We arrive at Churston and look for somewhere to decamp. This is another shingle beach like Fishcombe but it feels much more secluded as there is no obvious access, no cafe or other facilities. If you want to get here its a hike along the South West Coast path, a swim or a boat. We decide on a peaceful grassland spot at the back of the beach, just beyond a large group of twenty somethings (how old am I exactly?).
Settled, I decide to test the waters and take a swim, but it’s not to be. Only ten feet from the shoreline and getting everyones full attention, is a very large male grey seal. This supposed ‘cute’ inhabitant of our seas is of course inquisitive, but his presence at such close quarters is unnerving people (already in the water), to say the least.

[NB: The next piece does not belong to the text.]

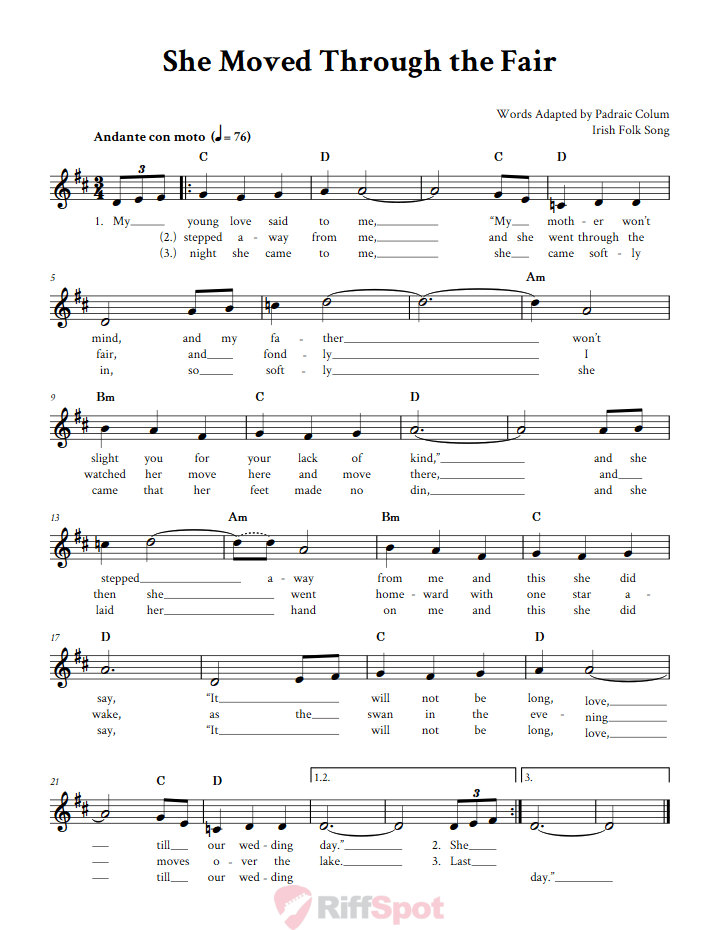 She Moved Through the Fair Treble Clef Sheet Music for C Instruments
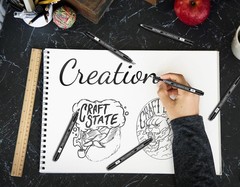 GETFOO 10 Size Calligraphy Pen Set, Hand Lettering Brush Pens for Black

For a few minutes I’m caught in indecision as to get in or not, then the seal ‘bites’ someone and my mind is made up. I find out later that seals, a bit like baby Huey, explore much of their world with their mouths, not generally doing much or any harm. This of course is not much solace when your biter is double your weight, immeasurably superior at swimming and out of sight! This seems to me the nearest the UK can replicate JAWS. There’s no limbs lost, no boats sank; instead a number of us mumble our concerns and retreat to the safety of the beach to watch the wildlife.

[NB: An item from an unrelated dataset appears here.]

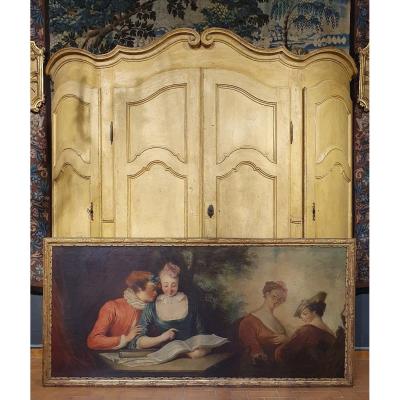 Important Tableau "La Leçon de Musique " Epoque Louis XVI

Back at base Bec’s is more than a bit surprised to see me return largely dry. Without any exaggeration I recall the story of the ferocious, biting Seal and why I took the sensible precaution of not getting in. Neither her or Huey want to swim either. Instead we luxuriate in the last of the afternoon sun and laugh about an incident that could have been a lot worse…(the Tomato, not the Seal).
Getting to Fishcombe or Churston Cove with a baby…
Both require a baby sling to get too. I would not like to try either the S.W Coast Path or the walk down to Fishcombe with a buggy. The walk between the two is particularly tricky, but worth it.
We parked on the road next to Battery Gardens but had to pay at the meter. Parking is tight here so doubtful you’ll find it for free (I will update this though if I find some!).